## [Dataset section]
>>>>>

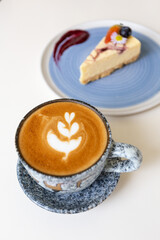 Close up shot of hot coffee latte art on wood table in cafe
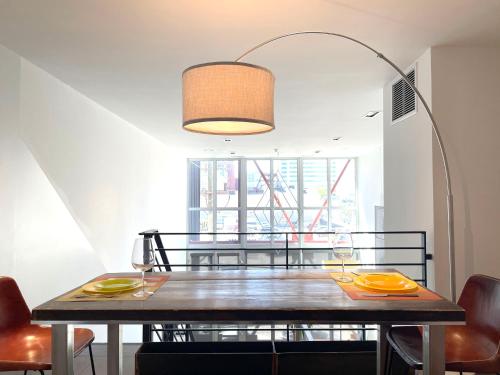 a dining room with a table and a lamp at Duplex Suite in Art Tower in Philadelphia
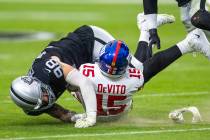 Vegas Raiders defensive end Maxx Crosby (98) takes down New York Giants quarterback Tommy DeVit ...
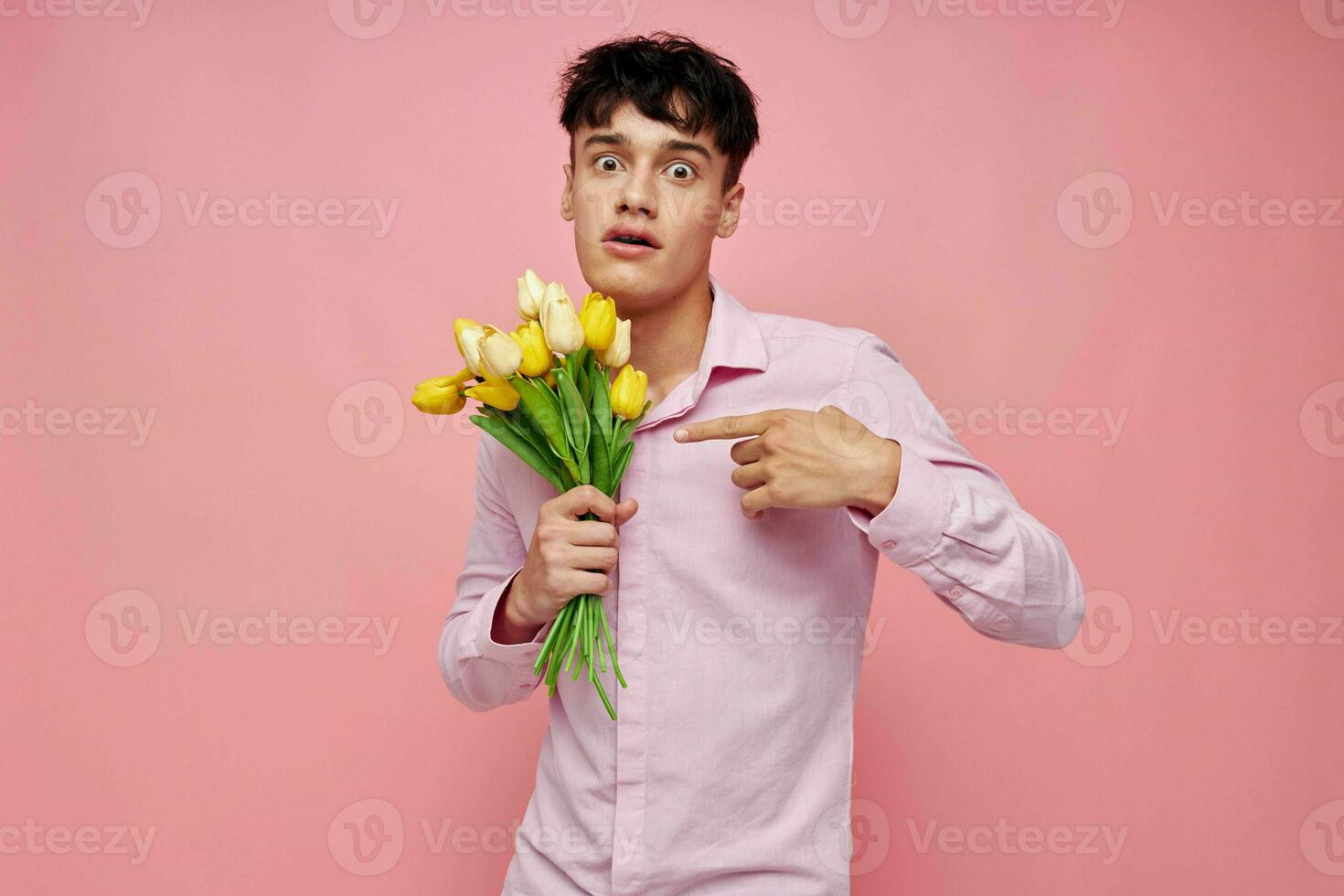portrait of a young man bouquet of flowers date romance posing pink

<<<<<

## [Problem to work on]
Restate the listing word for word, pictures excluded.

## [Exercise solution]
 Close up shot of hot coffee latte art on wood table in cafe
 a dining room with a table and a lamp at Duplex Suite in Art Tower in Philadelphia
 Vegas Raiders defensive end Maxx Crosby (98) takes down New York Giants quarterback Tommy DeVit ...
portrait of a young man bouquet of flowers date romance posing pink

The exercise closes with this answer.